**Problem requirements**: Return all the lines below exactly. Any picture among them is omitted.

[Opening Data extract section]

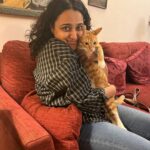 Swara Bhaskar Instagram - Non consensual hugs and cuddles with Lailaa.. 😻✨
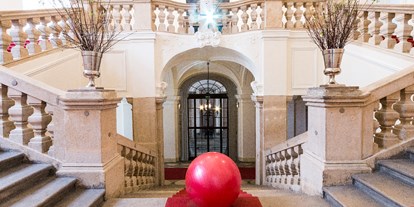 Hochzeit - Art der Location: Schloss - Bad Vöslau - Die Feststiege im Palais Schönborn-Batthyány in Wien. - Palais Schönborn-Batthyány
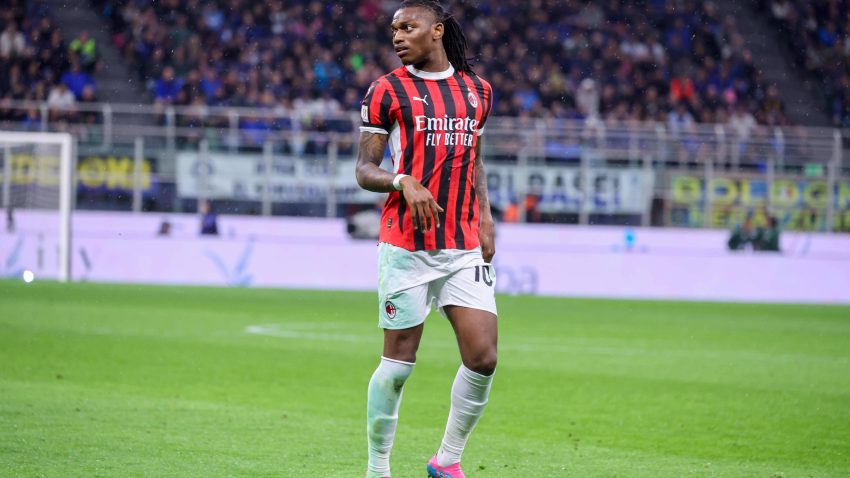 Μίλαν με ανατροπή: Στην κορυφή της Serie A με ηγέτη τον Λεάο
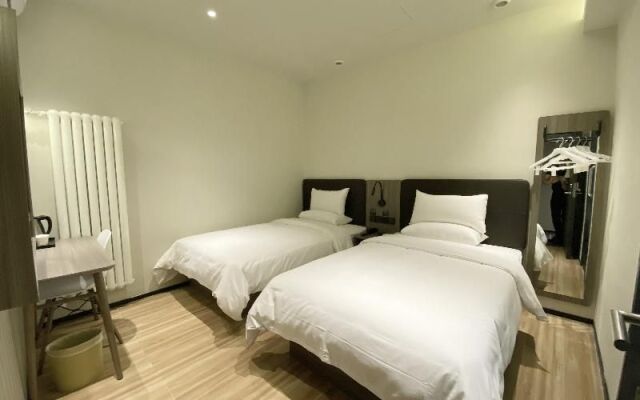 Hi Inn (West gate of Beijing Jiaotong University)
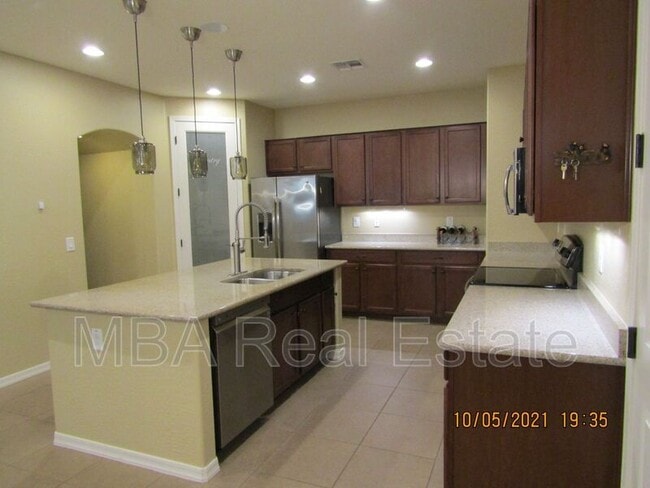 Photo - 863 S Annie Ln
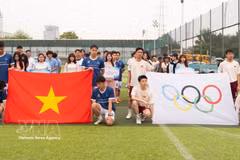 Des étudiants vietnamiens à Pékin et à Tianjin participent à une compétition sportive. Photo : VNA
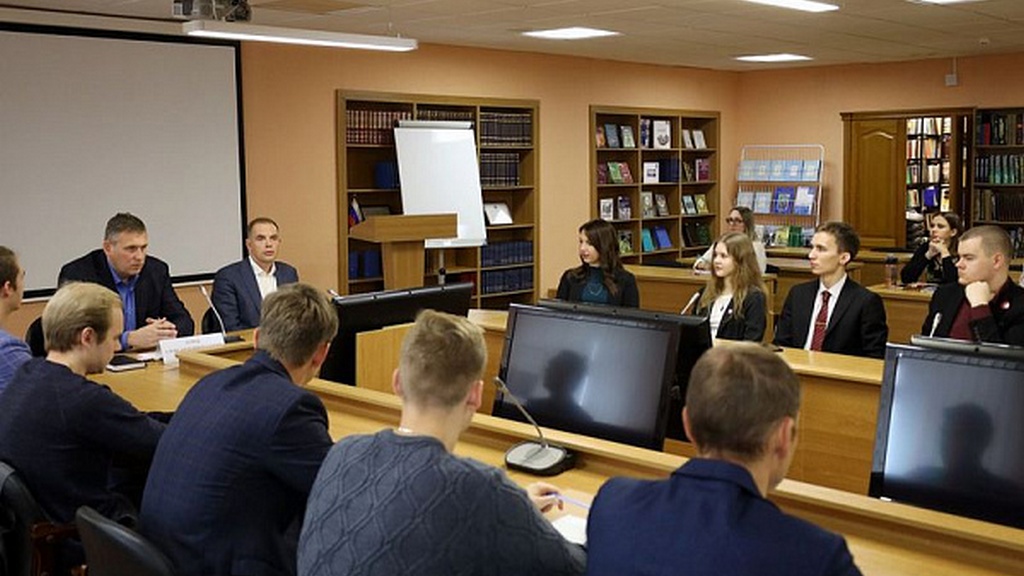 Александр Молотов: Идеи молодых ученых помогут при доработке проекта регионального закона о науке и научной деятельности Фото №3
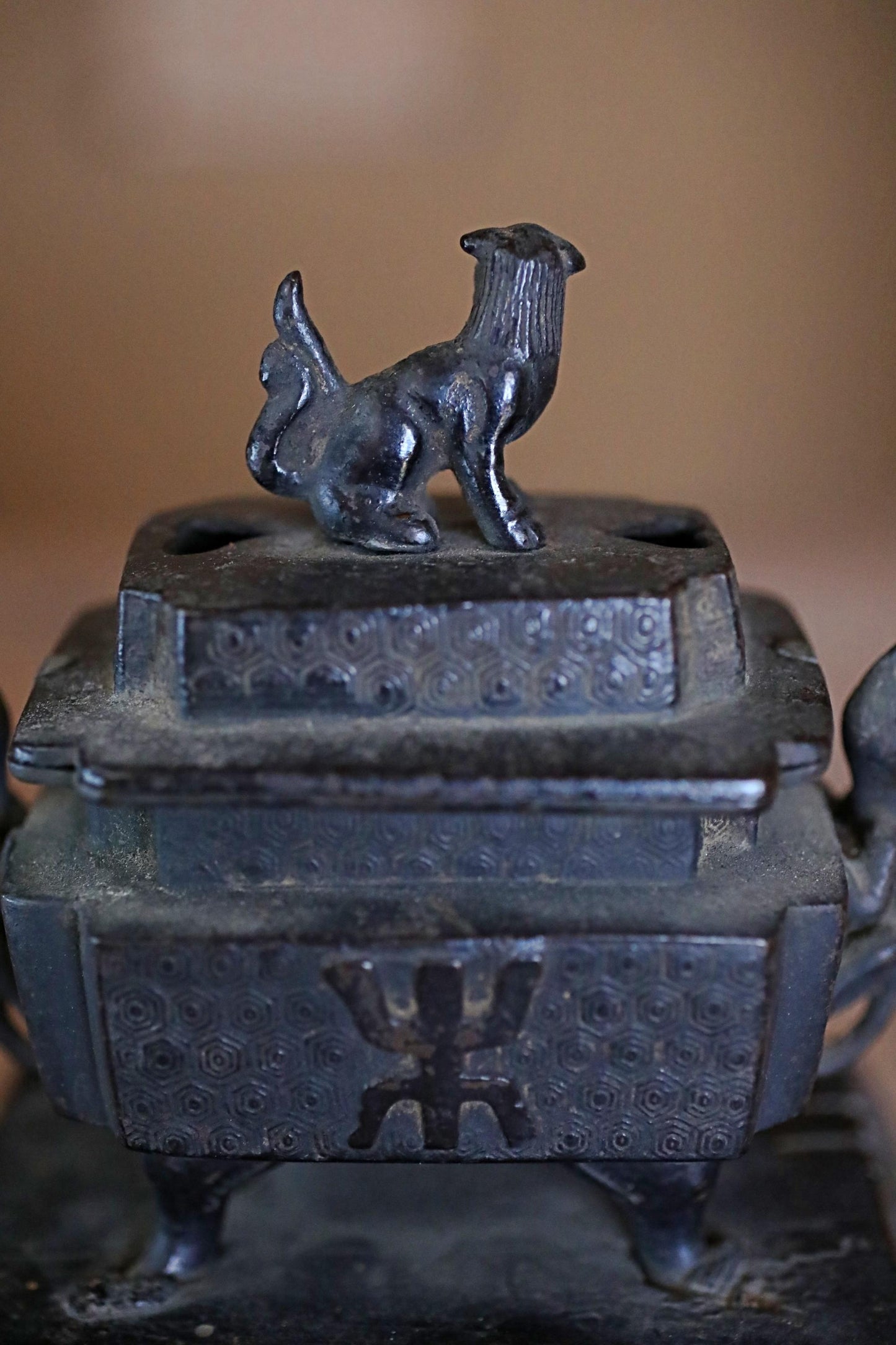 FINE! 1820s Japanese antique Bronze censer Koro shishi for repose of souls buddhist temple with box gecko lizard shogun Incense H6.3in/H16cm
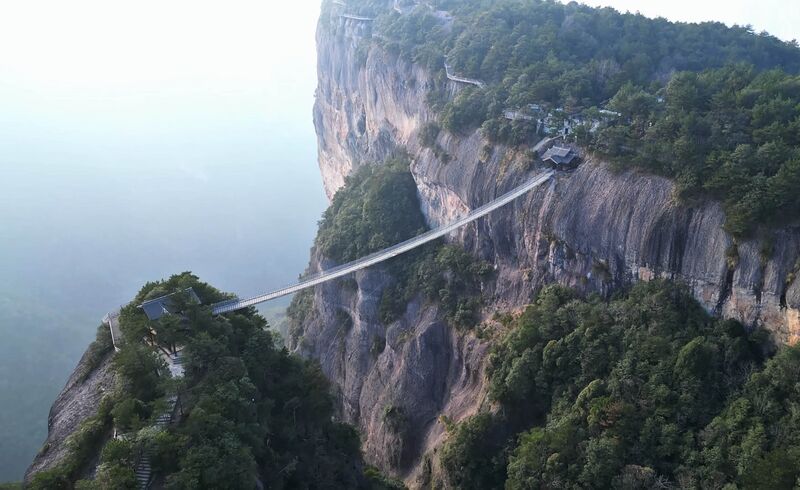 File:Nanhai FootbridgeSunFog.jpg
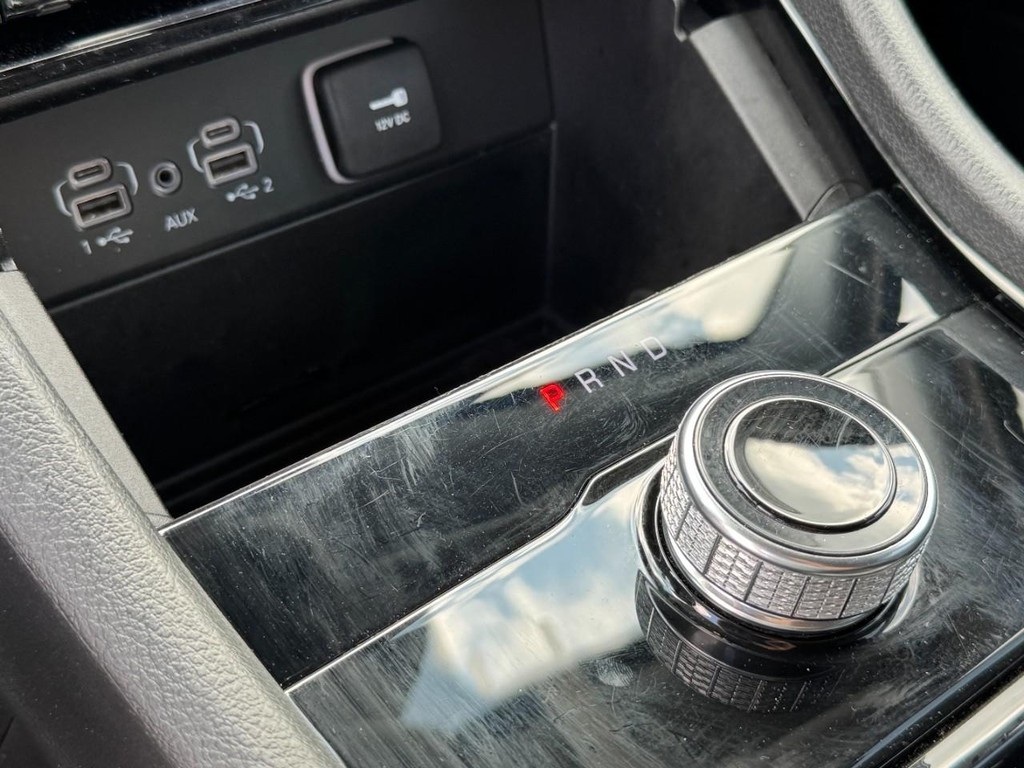 Jeep Grand Cherokee Vehicle Full-screen Gallery Image 21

[Closing Data extract section]

**Solved exercise**:
 Swara Bhaskar Instagram - Non consensual hugs and cuddles with Lailaa.. 😻✨
 Hochzeit - Art der Location: Schloss - Bad Vöslau - Die Feststiege im Palais Schönborn-Batthyány in Wien. - Palais Schönborn-Batthyány
 Μίλαν με ανατροπή: Στην κορυφή της Serie A με ηγέτη τον Λεάο
 Hi Inn (West gate of Beijing Jiaotong University)
 Photo - 863 S Annie Ln
 Des étudiants vietnamiens à Pékin et à Tianjin participent à une compétition sportive. Photo : VNA
 Александр Молотов: Идеи молодых ученых помогут при доработке проекта регионального закона о науке и научной деятельности Фото №3
 FINE! 1820s Japanese antique Bronze censer Koro shishi for repose of souls buddhist temple with box gecko lizard shogun Incense H6.3in/H16cm
 File:Nanhai FootbridgeSunFog.jpg
 Jeep Grand Cherokee Vehicle Full-screen Gallery Image 21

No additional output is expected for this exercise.